● YOUR TASK: Copy the records below exactly, omitting any pictures they contain.

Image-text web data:
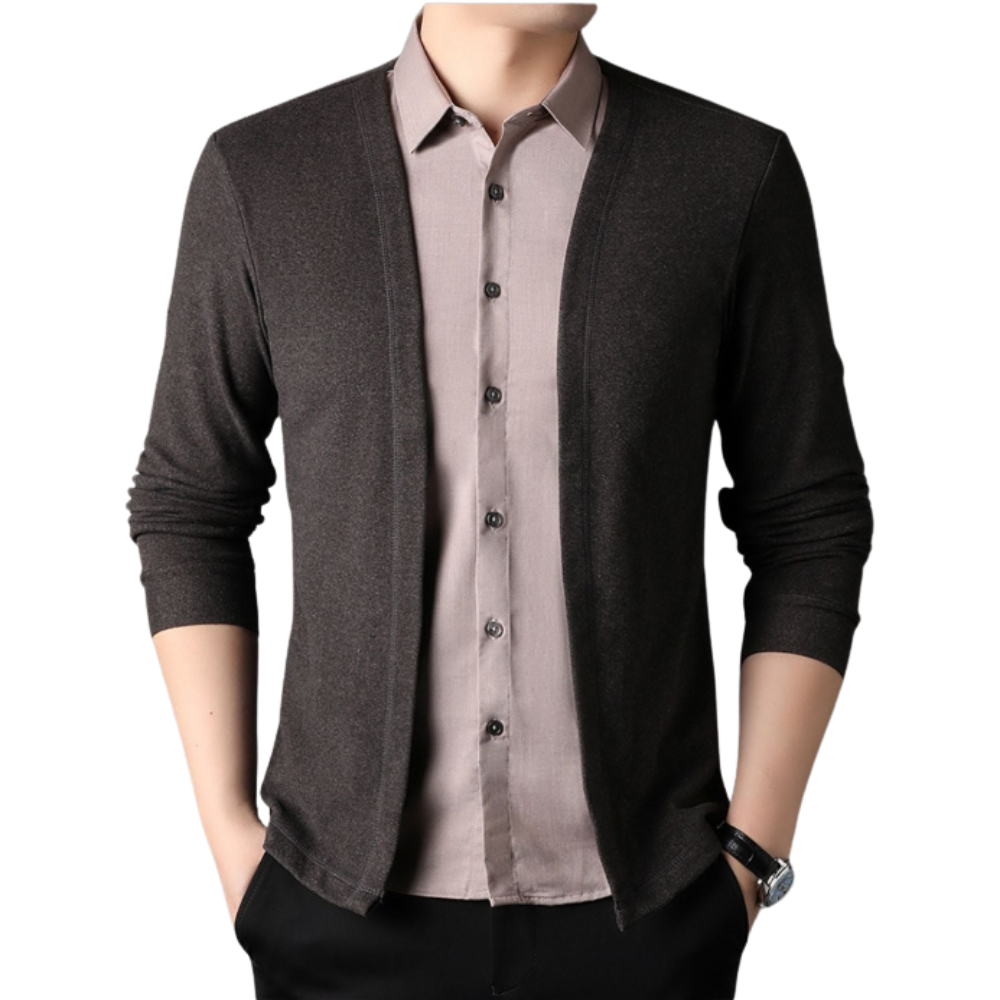 Camisa y rebeca 2 en 1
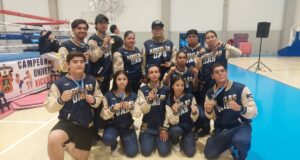 ¡Logro histórico! UAS gana nueve medallas en kickboxing en Campeonatos ANUIES 2025
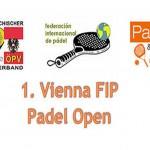 Affisch av I Vienna FIP Padel Open
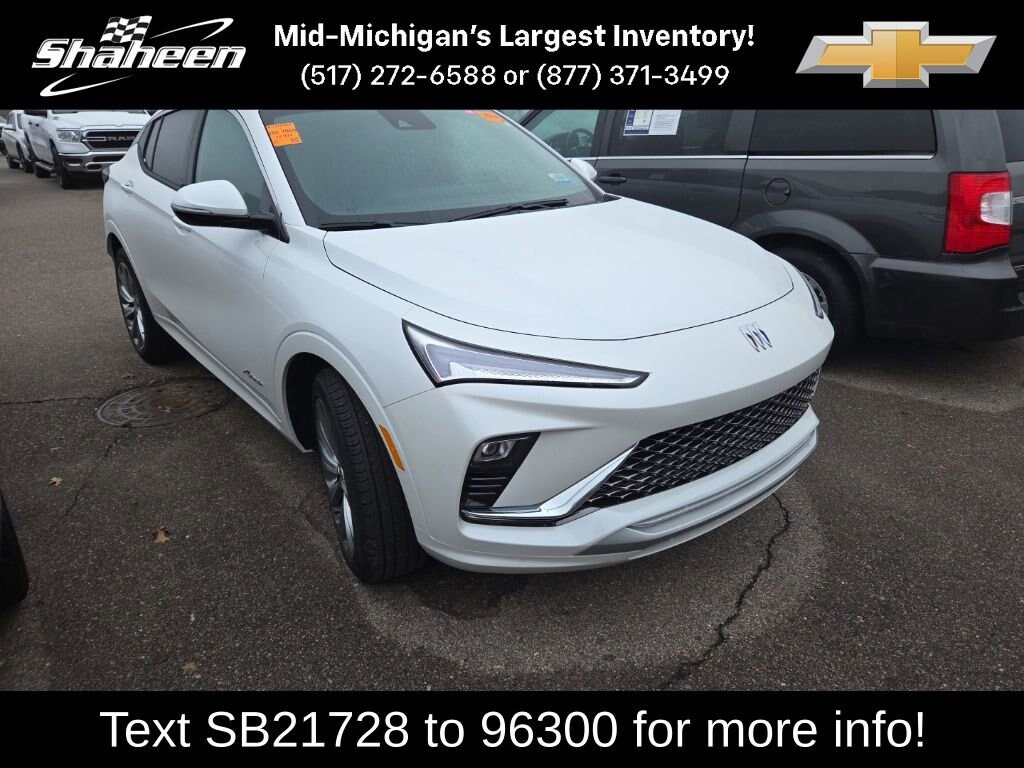 Used 2025 Buick Envista Avenir SUV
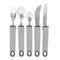 BIOS 5 Piece Lightweight Utensil Set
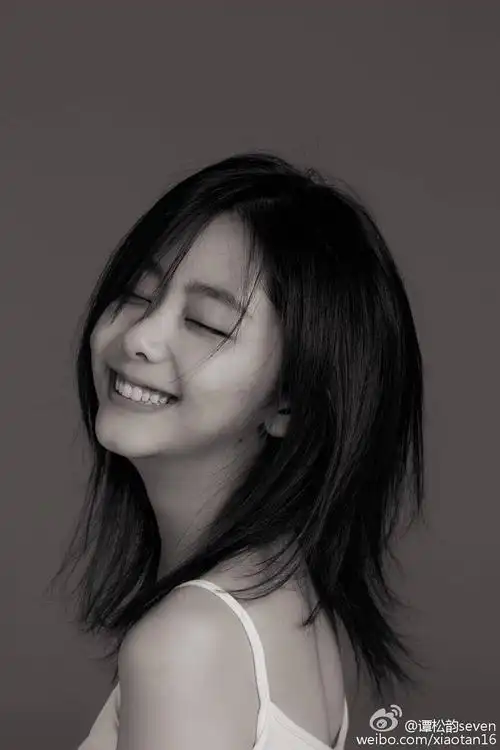 我觉得晶晶谭松韵中长发更好看一些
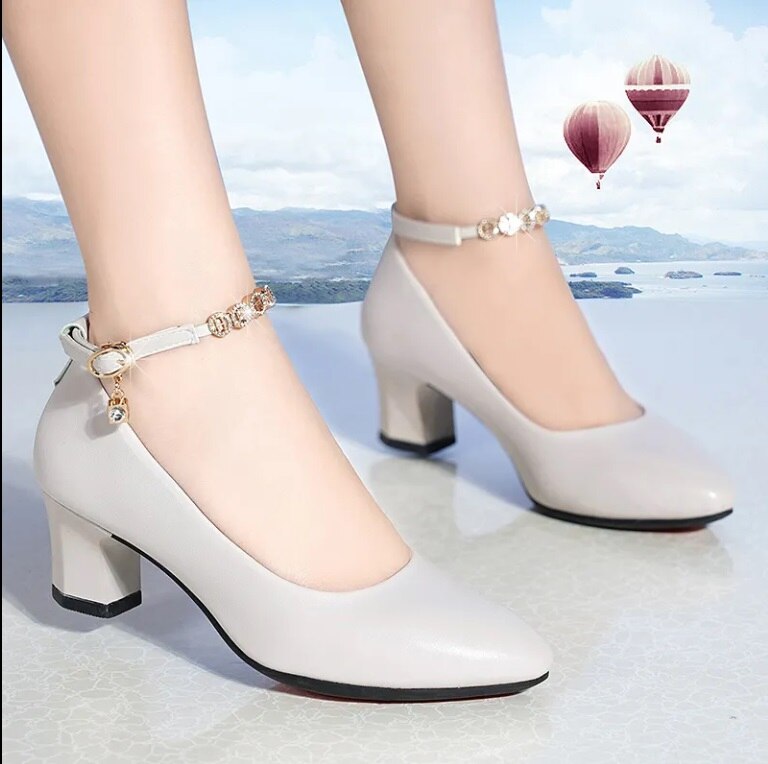 Stylish Women's Pointed Toe High Heel Pumps - Elegant Dress Shoes for Office, Party & Special Occasions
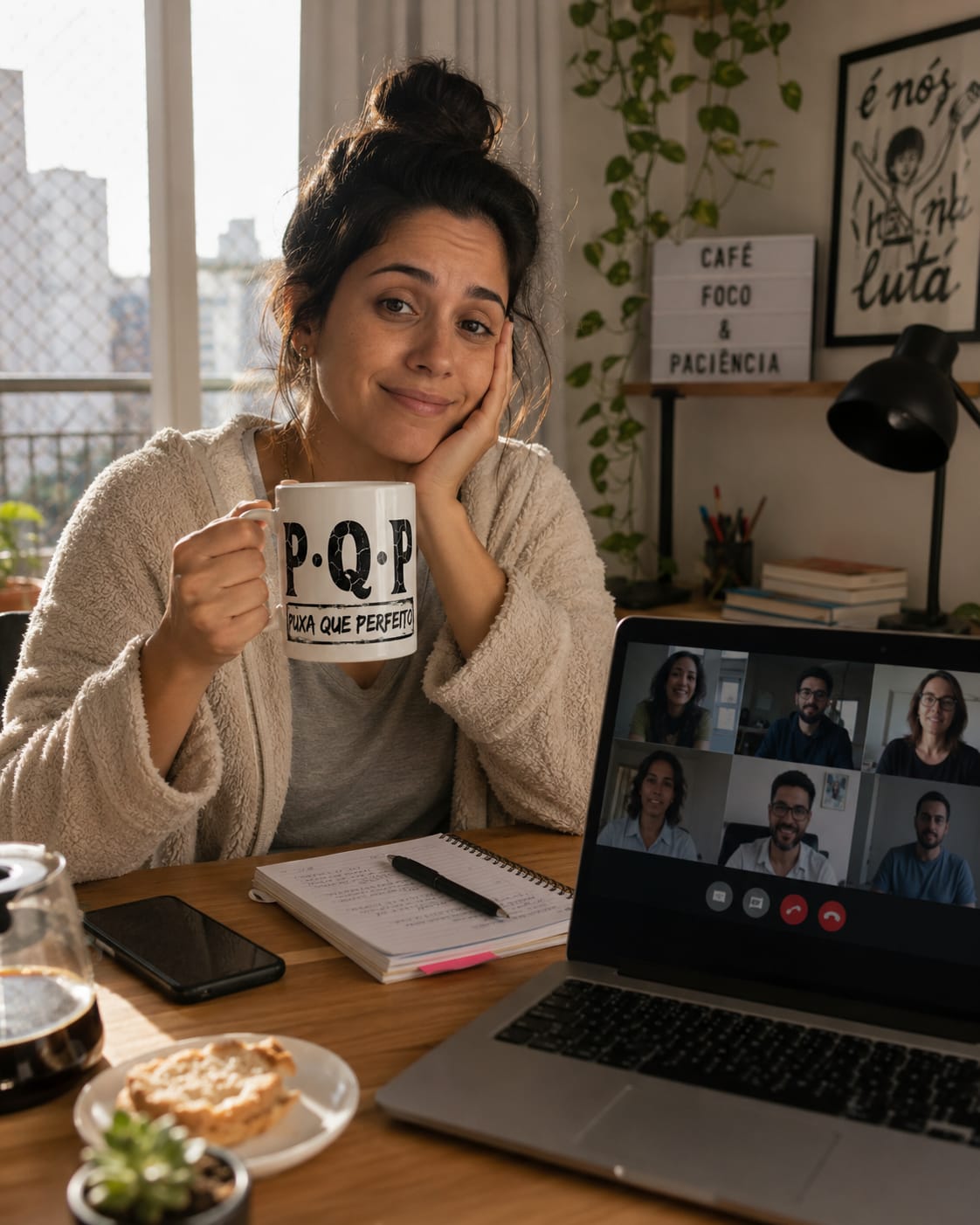 PQP - Puxa que Perfeito — Caneca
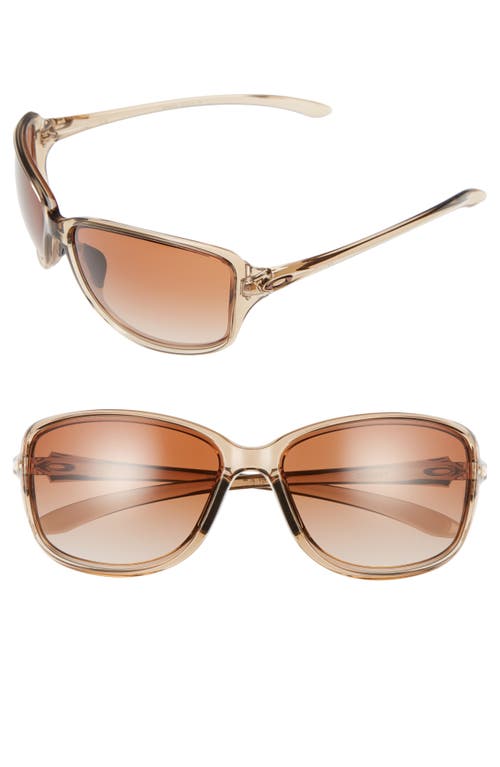 Oakley Cohort 62mm Sunglasses in Sepia/Dark Brown at Nordstrom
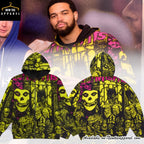 Fred Vanvleet The Misfits Zip Hoodie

● EXERCISE OUTPUT:
 Camisa y rebeca 2 en 1
 ¡Logro histórico! UAS gana nueve medallas en kickboxing en Campeonatos ANUIES 2025
 Affisch av I Vienna FIP Padel Open
 Used 2025 Buick Envista Avenir SUV
 BIOS 5 Piece Lightweight Utensil Set
 我觉得晶晶谭松韵中长发更好看一些
 Stylish Women's Pointed Toe High Heel Pumps - Elegant Dress Shoes for Office, Party & Special Occasions
 PQP - Puxa que Perfeito — Caneca
 Oakley Cohort 62mm Sunglasses in Sepia/Dark Brown at Nordstrom
 Fred Vanvleet The Misfits Zip Hoodie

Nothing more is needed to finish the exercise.